# RECORDS TO PROCESS
════

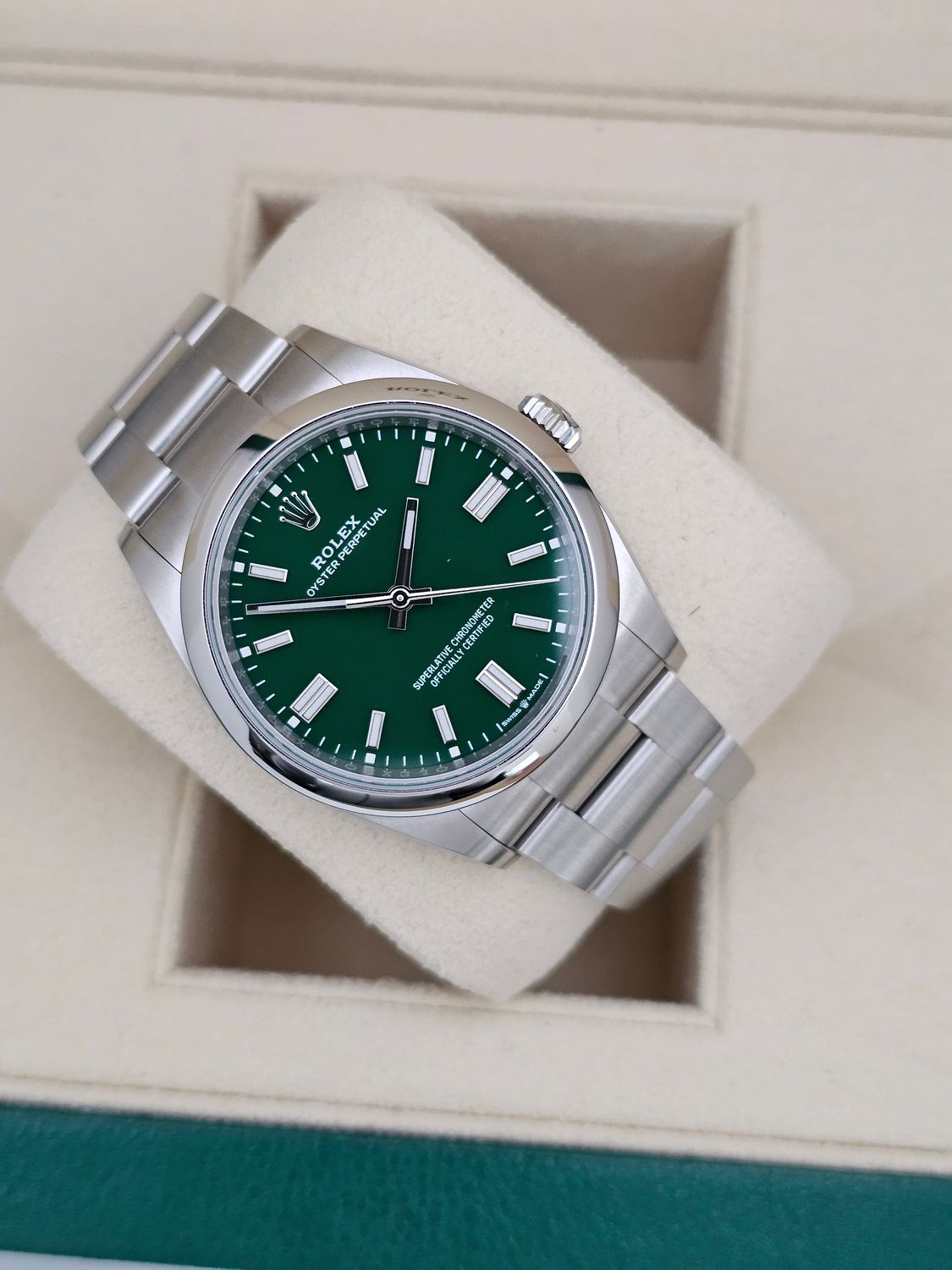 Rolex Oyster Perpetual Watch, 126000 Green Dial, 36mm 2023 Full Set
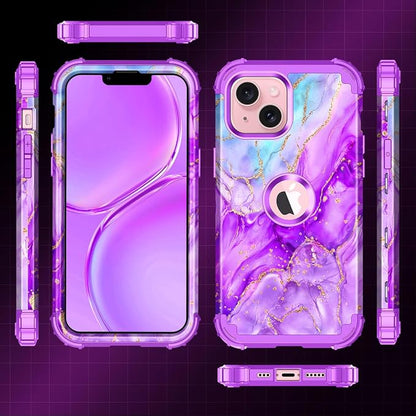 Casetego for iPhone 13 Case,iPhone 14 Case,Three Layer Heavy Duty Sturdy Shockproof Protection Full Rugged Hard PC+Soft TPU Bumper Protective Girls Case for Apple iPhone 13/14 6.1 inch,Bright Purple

════

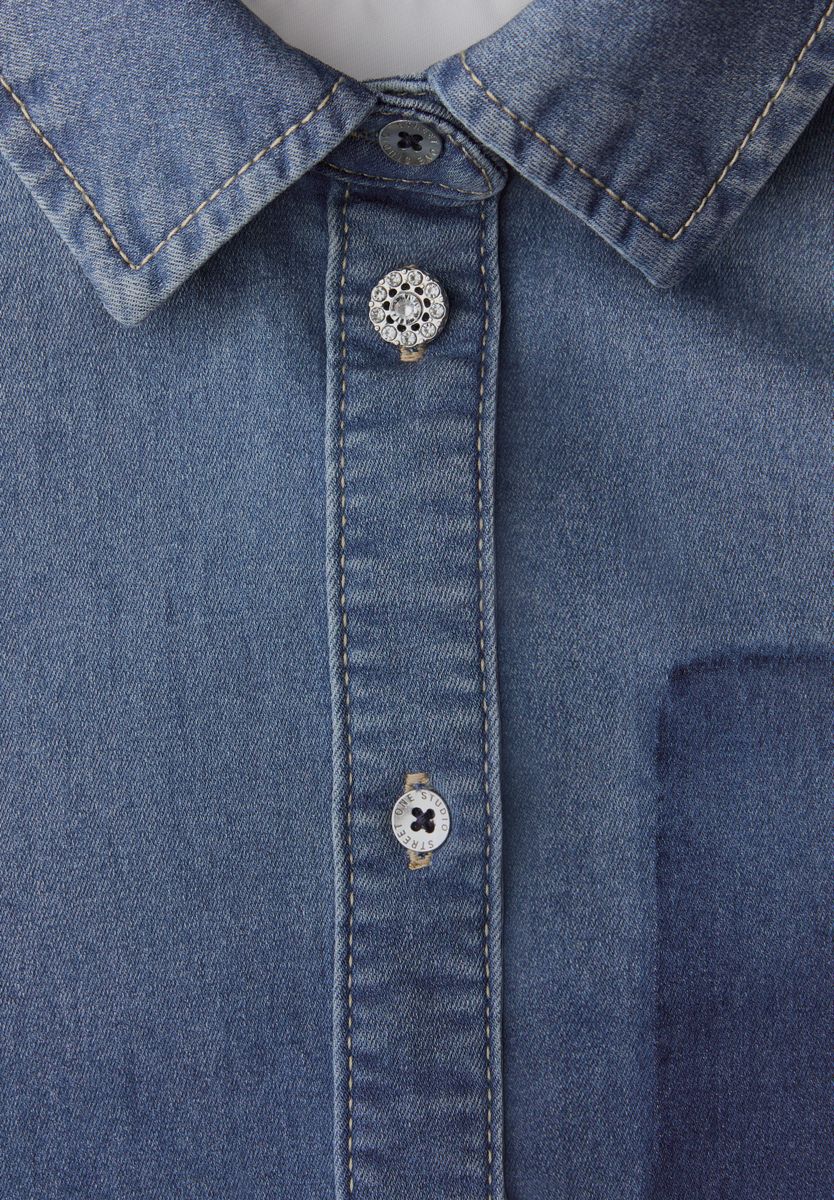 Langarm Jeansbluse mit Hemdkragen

════

# WHAT THE EXERCISE ASKS
Reproduce, exactly and only, the lines of the records above starting at the line with "Rolex Oyster Perpetual" and ending at the line with "Casetego for iPhone", both included. Leave every picture out.

# ANSWER BOX
 Rolex Oyster Perpetual Watch, 126000 Green Dial, 36mm 2023 Full Set
 Casetego for iPhone 13 Case,iPhone 14 Case,Three Layer Heavy Duty Sturdy Shockproof Protection Full Rugged Hard PC+Soft TPU Bumper Protective Girls Case for Apple iPhone 13/14 6.1 inch,Bright Purple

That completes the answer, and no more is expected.